§ **Exercise**
Return the lines of the data below, from the one containing "Kenyér sütés - 1" through the very last, exactly and with both ends included; no pictures.

>>>>

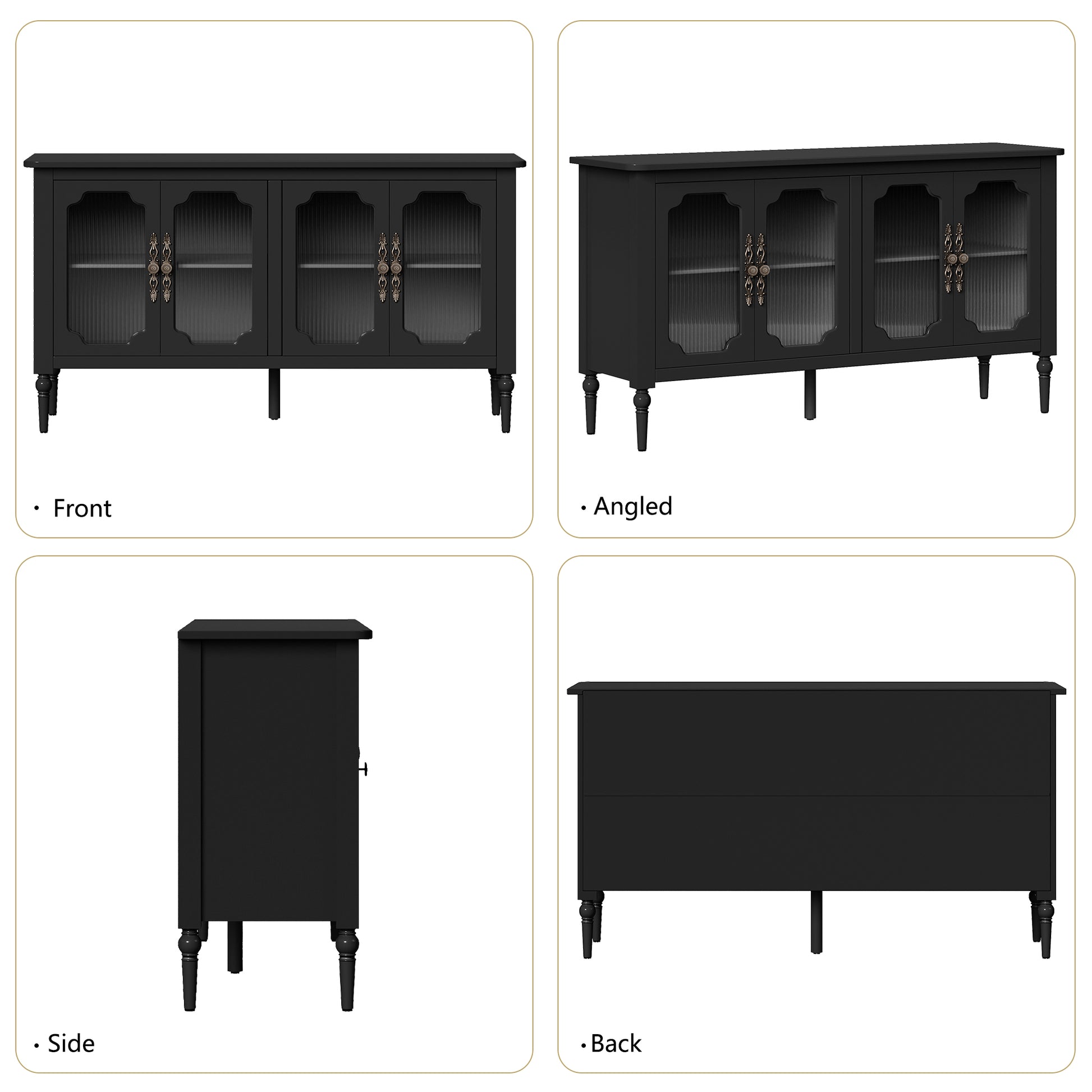 HLR 58'' Large Sideboard Buffet Cabinet with Storage, 4 Glass Modern Credenza Table for Kitchen, Black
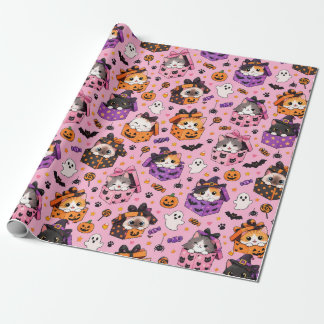 Papel de embrulho de gato fofo de Halloween para a
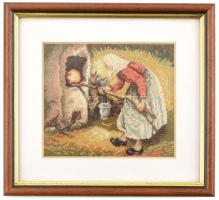 Kenyér sütés - 1 szálas selyem gobelin kép keretezve 16 x17.5 cm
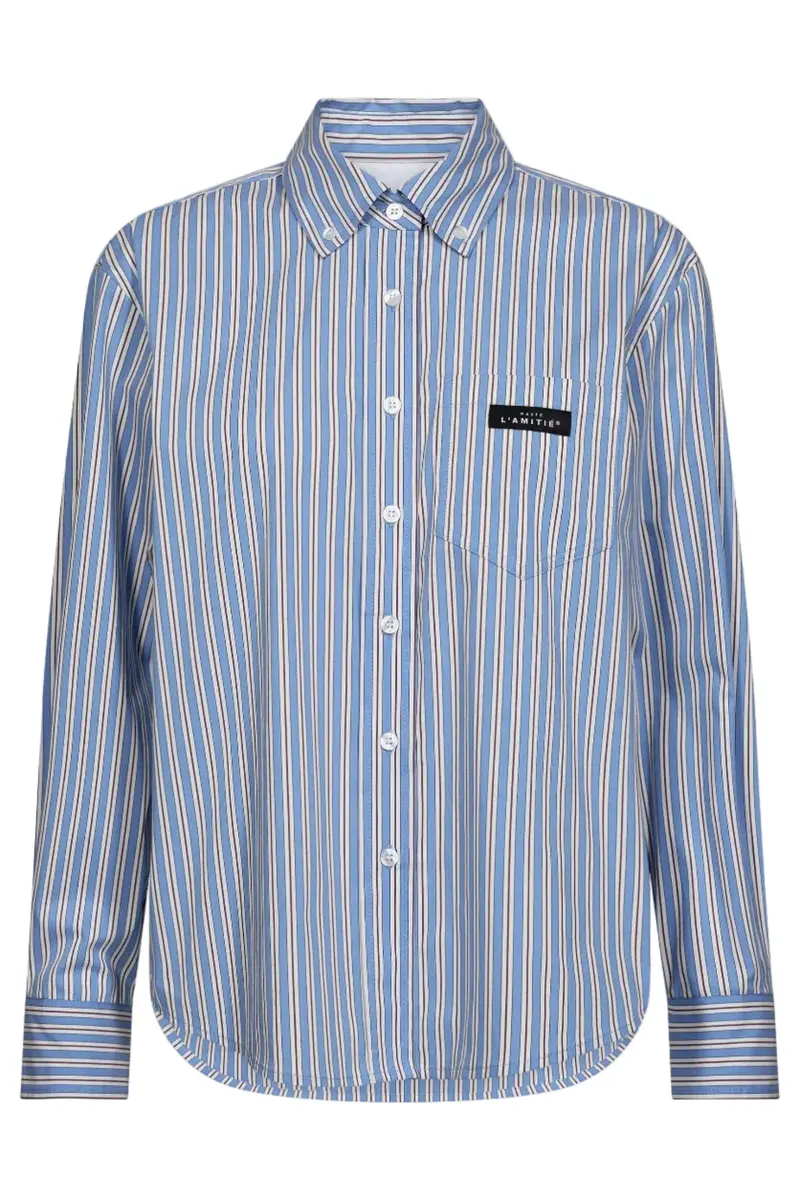 Haute L'Amitié - Button Down Medeira Stripe Shirt Hl11261 - Blue Stripe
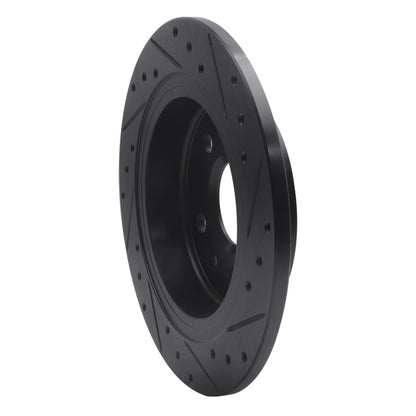 R1 Concepts R1 11-16 Buick Regal Rear Left Drilled & Slotted Black Brake Rotor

<<<<

§ **Task response**
 Kenyér sütés - 1 szálas selyem gobelin kép keretezve 16 x17.5 cm
 Haute L'Amitié - Button Down Medeira Stripe Shirt Hl11261 - Blue Stripe
 R1 Concepts R1 11-16 Buick Regal Rear Left Drilled & Slotted Black Brake Rotor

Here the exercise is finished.